ASSIGNED TASK | As soon as the line containing "Next svetrik, next,80" appears, start repeating lines exactly and continue to the end of the entries; please skip pictures.

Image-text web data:
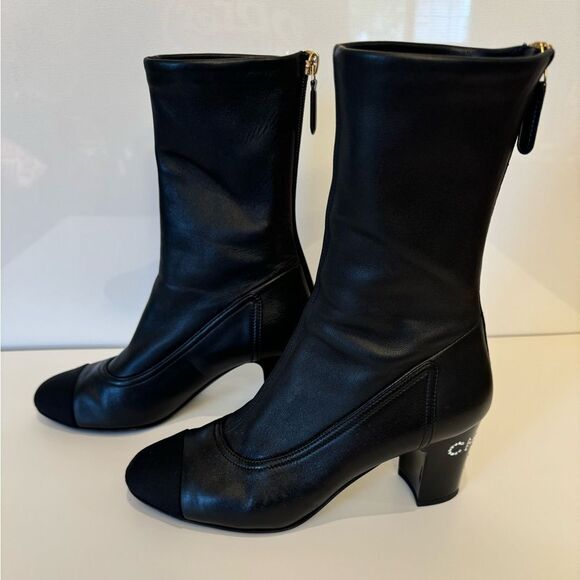 RARE Chanel Lambskin Rhinestone Logo Heeled Boots EU 37 US 6.5 KarlLagerfeld Era - Picture 5 of 17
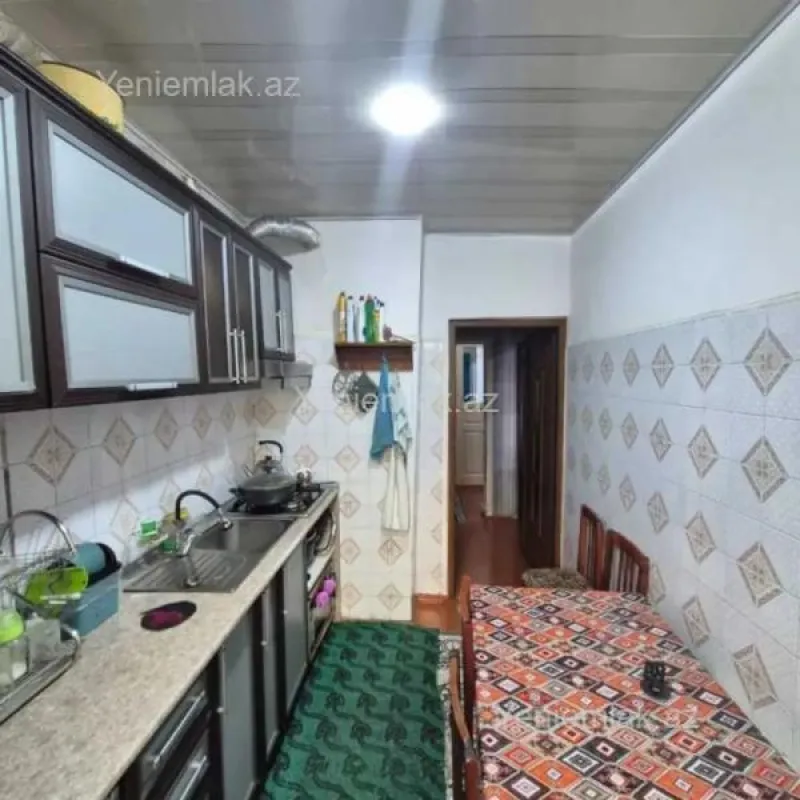 Satılır 4 otaqlı köhnə tikili 81 m²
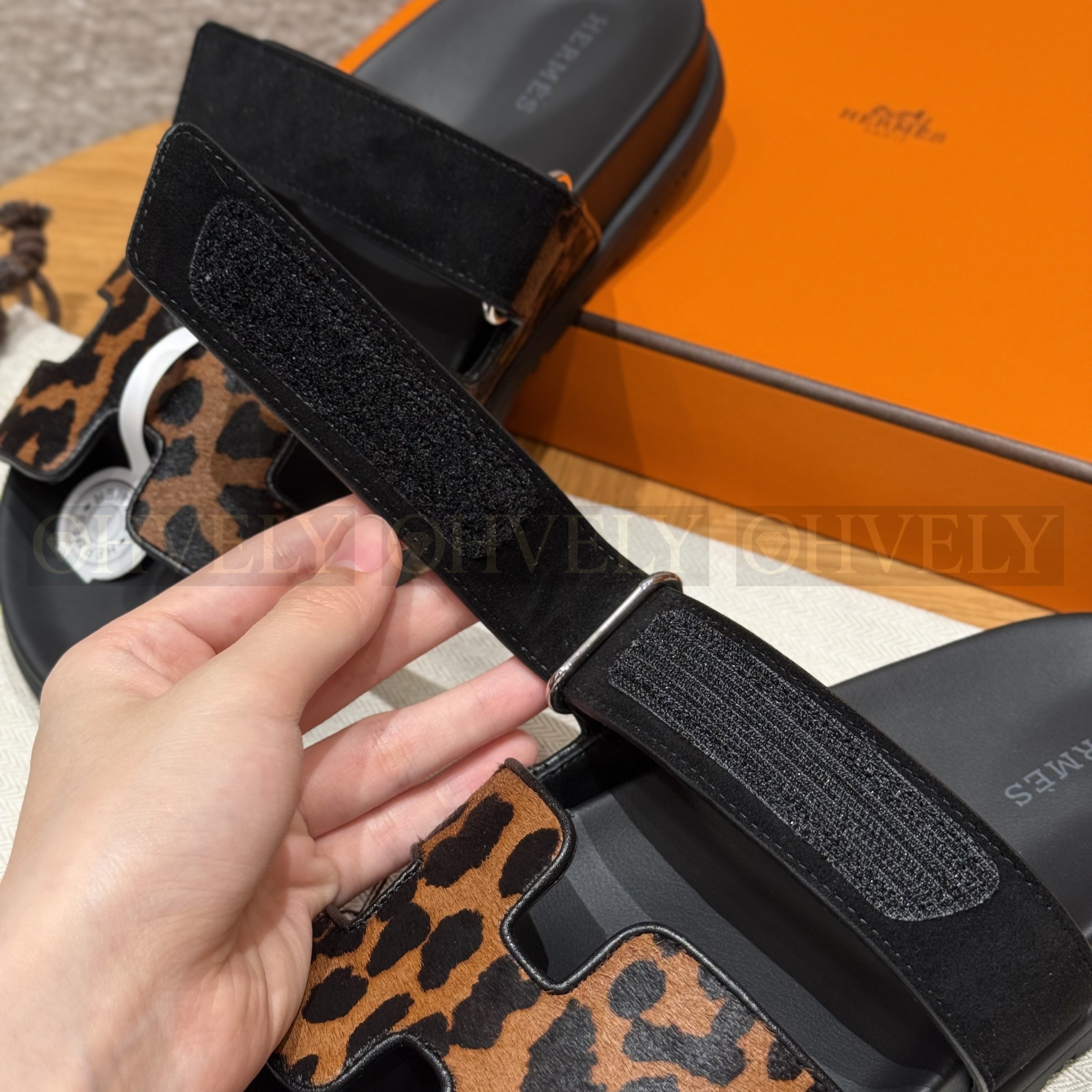 【 ZP버전 】H 치프레 레오파드 프린트 샌들 블랙 스웨이드 상품 썸네일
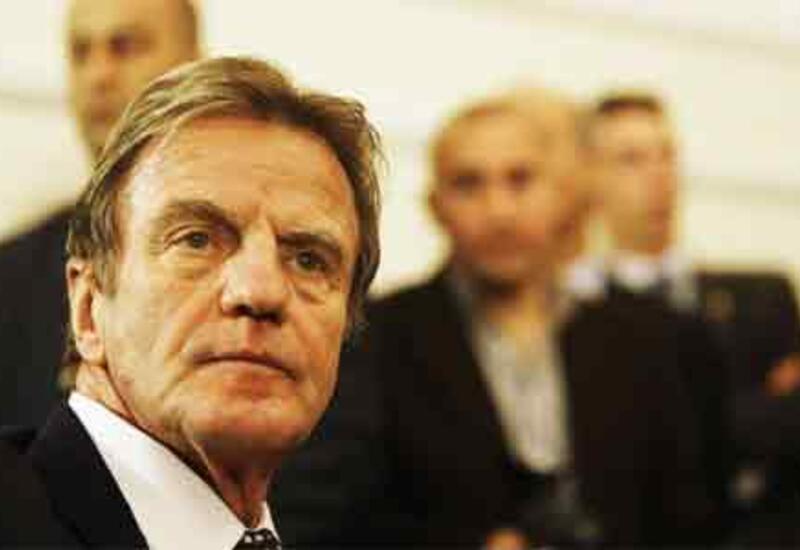 Экс-глава МИД Франции Бернар Кушнер "подал голос с того света"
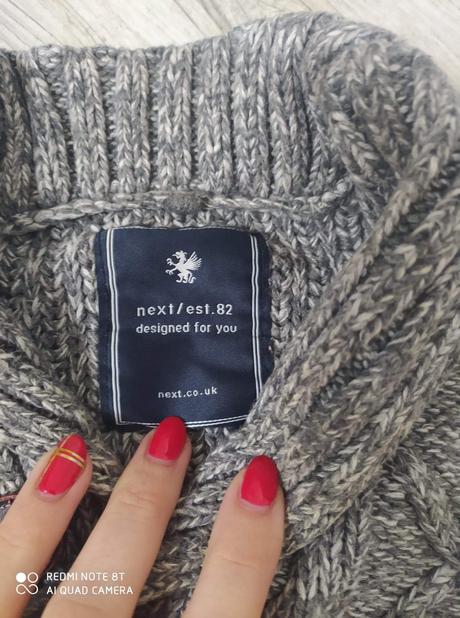 Next svetrik, next,80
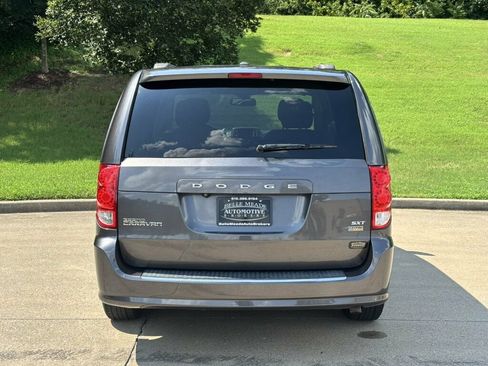 Used 2019 Dodge Grand Caravan SXT FWD image 6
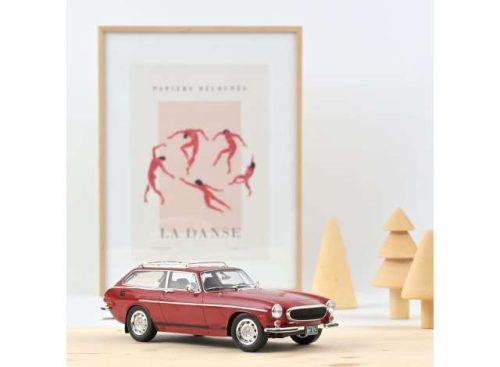 1:18 1972 Volvo 1800 ES (US version), piros with lower side stripes
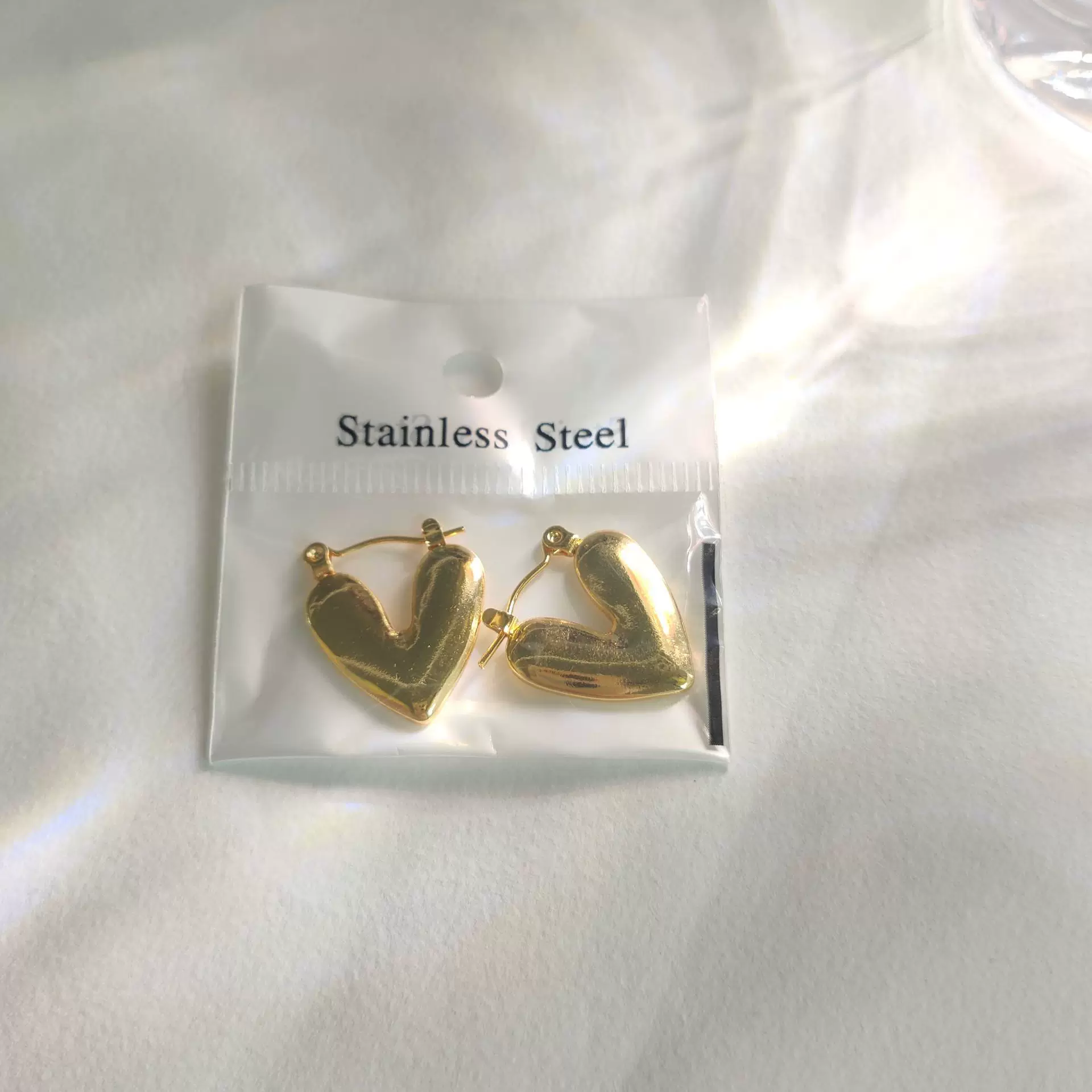 18K Gold Heart Shape Earring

EXPECTED ANSWER |
 Next svetrik, next,80
 Used 2019 Dodge Grand Caravan SXT FWD image 6
 1:18 1972 Volvo 1800 ES (US version), piros with lower side stripes
 18K Gold Heart Shape Earring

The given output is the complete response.